■ What you will do ■
Only the lines below, from the one with "Rear Brake Pads,4PCS" through the one with "Sunshine Nap Quilted Sofa Cover NCU0PT9949", are to be written out, exactly.

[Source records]

═══

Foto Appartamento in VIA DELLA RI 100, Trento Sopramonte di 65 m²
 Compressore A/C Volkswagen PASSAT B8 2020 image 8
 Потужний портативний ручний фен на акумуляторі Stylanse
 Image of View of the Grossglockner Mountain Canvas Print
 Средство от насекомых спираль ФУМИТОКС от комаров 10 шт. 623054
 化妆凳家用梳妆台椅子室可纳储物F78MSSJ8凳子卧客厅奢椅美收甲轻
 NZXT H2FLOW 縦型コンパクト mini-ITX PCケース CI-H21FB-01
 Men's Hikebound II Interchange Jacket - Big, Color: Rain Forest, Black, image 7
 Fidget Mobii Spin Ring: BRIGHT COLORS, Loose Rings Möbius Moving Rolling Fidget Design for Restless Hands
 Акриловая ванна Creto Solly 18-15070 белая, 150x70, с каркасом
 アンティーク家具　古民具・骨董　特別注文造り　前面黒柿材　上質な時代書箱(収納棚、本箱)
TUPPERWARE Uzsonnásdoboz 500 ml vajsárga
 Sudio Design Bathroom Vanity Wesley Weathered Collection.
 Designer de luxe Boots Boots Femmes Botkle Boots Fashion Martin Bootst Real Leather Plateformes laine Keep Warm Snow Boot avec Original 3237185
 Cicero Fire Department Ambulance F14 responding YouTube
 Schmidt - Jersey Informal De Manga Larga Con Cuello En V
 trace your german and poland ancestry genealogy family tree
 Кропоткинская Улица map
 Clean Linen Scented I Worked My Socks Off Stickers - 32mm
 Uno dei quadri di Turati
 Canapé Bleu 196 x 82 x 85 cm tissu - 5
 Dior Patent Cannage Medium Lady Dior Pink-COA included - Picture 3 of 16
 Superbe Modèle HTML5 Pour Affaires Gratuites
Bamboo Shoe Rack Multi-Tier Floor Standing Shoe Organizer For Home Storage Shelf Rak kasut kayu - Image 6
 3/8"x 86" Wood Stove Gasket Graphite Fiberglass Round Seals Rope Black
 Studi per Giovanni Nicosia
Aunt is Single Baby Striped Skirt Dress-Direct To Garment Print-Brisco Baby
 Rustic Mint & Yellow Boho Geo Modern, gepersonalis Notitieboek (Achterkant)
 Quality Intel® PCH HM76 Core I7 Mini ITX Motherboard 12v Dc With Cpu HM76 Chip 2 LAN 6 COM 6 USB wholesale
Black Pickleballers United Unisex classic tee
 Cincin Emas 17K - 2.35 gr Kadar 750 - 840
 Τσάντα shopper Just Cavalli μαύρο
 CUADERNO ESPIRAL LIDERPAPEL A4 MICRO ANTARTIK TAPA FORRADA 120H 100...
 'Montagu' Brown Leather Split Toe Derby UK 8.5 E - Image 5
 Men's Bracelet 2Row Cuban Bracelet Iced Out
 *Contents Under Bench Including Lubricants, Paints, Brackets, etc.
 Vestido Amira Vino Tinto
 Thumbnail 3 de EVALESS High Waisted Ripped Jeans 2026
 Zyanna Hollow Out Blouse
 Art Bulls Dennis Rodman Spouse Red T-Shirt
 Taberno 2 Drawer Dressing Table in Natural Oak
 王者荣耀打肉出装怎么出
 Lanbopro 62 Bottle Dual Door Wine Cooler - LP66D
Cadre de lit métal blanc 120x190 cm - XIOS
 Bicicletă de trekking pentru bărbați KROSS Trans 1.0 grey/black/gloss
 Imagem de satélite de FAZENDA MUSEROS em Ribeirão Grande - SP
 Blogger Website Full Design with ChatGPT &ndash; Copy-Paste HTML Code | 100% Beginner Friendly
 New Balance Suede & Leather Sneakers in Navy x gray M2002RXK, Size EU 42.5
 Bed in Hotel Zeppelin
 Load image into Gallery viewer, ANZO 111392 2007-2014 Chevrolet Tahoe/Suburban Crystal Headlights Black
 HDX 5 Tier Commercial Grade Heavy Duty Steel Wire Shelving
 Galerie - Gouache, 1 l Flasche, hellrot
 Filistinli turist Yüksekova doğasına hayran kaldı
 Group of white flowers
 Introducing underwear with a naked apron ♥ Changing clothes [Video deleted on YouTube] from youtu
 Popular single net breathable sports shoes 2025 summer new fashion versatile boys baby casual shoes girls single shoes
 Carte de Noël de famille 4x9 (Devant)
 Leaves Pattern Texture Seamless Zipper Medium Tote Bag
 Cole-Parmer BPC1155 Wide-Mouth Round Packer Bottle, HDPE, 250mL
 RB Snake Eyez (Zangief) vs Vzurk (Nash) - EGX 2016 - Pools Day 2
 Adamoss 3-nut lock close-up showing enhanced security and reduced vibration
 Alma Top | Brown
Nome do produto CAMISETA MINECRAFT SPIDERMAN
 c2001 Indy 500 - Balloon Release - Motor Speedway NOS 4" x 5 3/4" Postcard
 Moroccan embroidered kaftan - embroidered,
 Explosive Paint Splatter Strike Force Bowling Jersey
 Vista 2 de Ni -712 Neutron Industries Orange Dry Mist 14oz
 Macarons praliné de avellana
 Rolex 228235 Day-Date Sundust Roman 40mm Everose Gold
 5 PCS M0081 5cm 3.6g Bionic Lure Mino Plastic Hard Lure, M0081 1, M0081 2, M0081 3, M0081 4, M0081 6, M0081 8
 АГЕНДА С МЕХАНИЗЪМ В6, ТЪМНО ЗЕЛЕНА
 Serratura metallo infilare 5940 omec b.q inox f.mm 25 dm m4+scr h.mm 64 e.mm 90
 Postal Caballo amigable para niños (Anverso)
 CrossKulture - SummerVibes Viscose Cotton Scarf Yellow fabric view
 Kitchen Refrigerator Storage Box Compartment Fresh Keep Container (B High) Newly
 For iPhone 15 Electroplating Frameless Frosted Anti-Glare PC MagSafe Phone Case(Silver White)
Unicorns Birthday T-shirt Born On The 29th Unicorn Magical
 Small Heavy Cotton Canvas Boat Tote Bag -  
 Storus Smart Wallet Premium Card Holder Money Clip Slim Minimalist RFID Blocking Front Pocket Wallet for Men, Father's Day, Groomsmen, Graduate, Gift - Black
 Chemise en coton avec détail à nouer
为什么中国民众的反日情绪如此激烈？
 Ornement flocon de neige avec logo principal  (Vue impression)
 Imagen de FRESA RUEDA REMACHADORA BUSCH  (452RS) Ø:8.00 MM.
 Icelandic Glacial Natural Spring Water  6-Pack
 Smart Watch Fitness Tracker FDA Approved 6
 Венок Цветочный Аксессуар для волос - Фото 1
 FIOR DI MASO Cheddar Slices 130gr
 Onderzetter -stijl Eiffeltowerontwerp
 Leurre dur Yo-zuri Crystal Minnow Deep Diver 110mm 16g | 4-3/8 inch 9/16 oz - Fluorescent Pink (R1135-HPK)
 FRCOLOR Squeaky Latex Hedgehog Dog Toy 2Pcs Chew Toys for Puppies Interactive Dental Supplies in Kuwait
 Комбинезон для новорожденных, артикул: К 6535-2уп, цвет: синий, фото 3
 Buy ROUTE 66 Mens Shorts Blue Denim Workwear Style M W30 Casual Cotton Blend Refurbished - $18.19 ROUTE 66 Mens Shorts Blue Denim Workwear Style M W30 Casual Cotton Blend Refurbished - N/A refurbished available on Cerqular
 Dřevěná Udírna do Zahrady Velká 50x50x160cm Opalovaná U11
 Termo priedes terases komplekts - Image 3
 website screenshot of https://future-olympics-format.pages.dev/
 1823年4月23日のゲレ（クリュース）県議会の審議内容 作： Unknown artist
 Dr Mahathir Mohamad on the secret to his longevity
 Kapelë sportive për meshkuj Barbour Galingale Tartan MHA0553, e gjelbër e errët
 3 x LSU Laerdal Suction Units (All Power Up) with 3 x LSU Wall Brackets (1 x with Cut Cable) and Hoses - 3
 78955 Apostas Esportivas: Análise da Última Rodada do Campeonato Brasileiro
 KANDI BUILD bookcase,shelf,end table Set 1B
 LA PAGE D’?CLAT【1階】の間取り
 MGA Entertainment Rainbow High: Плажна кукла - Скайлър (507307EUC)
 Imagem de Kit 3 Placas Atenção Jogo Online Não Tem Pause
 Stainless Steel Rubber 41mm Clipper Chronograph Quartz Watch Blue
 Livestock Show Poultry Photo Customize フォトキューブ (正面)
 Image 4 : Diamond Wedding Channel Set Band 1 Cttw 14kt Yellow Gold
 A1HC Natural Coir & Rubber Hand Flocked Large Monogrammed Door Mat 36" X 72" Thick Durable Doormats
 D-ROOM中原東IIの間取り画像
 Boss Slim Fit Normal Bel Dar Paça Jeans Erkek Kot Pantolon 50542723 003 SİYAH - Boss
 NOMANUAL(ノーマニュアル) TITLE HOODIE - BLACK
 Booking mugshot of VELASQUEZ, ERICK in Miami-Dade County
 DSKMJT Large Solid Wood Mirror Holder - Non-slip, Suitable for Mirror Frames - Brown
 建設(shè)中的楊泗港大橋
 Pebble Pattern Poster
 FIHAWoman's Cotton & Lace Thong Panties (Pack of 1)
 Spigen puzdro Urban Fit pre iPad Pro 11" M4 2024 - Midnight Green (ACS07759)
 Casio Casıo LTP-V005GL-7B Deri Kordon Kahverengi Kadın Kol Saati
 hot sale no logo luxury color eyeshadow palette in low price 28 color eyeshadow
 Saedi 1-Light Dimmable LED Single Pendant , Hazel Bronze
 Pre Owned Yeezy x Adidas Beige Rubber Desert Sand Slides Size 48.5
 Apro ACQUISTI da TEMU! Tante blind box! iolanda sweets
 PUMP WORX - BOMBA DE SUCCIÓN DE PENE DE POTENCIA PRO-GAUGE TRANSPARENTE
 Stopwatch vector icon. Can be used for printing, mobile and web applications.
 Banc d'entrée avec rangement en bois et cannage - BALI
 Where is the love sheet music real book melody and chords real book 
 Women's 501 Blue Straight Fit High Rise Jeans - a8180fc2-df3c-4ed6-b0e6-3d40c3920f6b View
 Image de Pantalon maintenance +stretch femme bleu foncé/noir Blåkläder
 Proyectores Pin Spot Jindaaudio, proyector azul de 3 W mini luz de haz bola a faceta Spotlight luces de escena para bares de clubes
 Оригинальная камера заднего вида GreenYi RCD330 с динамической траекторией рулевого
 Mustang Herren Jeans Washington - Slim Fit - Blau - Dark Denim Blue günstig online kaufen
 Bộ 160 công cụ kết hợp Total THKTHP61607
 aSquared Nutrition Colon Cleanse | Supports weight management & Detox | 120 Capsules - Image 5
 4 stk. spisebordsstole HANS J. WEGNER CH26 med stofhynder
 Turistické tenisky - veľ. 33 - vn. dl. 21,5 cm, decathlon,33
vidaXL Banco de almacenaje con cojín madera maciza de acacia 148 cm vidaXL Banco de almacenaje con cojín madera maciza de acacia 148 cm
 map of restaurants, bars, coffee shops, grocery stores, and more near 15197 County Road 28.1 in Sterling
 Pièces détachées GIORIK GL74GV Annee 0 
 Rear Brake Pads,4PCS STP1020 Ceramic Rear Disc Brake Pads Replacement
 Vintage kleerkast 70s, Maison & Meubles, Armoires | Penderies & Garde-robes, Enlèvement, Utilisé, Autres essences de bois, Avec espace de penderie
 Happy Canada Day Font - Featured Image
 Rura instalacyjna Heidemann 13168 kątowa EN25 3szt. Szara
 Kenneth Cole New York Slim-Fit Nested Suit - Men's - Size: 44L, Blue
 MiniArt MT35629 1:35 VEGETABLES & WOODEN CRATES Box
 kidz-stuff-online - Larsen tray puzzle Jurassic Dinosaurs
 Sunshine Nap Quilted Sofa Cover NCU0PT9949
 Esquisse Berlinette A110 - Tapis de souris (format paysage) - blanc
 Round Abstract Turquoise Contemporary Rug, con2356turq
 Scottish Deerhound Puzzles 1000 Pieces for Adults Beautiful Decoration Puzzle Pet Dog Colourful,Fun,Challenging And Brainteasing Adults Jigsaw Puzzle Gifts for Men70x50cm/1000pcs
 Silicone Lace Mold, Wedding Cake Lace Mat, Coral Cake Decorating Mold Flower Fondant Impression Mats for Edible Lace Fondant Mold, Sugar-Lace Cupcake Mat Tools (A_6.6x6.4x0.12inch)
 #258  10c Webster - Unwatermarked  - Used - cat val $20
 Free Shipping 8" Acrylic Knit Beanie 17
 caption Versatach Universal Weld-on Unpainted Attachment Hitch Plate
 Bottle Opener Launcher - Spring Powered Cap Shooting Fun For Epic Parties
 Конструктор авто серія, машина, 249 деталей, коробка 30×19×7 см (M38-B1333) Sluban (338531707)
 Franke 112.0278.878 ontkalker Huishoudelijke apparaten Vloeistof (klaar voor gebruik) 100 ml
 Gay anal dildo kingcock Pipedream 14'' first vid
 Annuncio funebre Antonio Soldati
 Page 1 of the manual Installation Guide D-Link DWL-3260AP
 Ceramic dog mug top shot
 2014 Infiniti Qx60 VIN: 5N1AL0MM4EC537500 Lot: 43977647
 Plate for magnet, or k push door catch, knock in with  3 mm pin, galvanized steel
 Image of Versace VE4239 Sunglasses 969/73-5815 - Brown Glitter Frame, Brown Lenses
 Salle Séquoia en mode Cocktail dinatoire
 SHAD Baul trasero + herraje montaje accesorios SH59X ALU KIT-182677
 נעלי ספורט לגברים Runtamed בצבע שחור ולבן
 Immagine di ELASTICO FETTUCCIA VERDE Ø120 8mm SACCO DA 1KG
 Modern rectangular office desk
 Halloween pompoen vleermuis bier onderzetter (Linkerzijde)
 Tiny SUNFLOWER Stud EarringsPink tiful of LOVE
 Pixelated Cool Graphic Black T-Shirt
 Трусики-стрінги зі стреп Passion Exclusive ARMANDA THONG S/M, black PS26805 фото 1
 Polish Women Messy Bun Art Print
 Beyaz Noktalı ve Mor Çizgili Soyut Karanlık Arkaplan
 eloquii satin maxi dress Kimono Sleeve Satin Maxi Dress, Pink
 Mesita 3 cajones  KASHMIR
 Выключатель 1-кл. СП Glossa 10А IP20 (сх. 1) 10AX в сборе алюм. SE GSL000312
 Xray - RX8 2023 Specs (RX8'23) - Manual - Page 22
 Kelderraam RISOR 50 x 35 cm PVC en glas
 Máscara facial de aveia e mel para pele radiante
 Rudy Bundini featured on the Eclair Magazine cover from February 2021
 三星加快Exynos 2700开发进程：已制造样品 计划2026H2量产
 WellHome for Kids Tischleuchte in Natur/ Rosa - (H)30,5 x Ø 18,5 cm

═══

■ Result of the exercise ■
 Rear Brake Pads,4PCS STP1020 Ceramic Rear Disc Brake Pads Replacement
 Vintage kleerkast 70s, Maison & Meubles, Armoires | Penderies & Garde-robes, Enlèvement, Utilisé, Autres essences de bois, Avec espace de penderie
 Happy Canada Day Font - Featured Image
 Rura instalacyjna Heidemann 13168 kątowa EN25 3szt. Szara
 Kenneth Cole New York Slim-Fit Nested Suit - Men's - Size: 44L, Blue
 MiniArt MT35629 1:35 VEGETABLES & WOODEN CRATES Box
 kidz-stuff-online - Larsen tray puzzle Jurassic Dinosaurs
 Sunshine Nap Quilted Sofa Cover NCU0PT9949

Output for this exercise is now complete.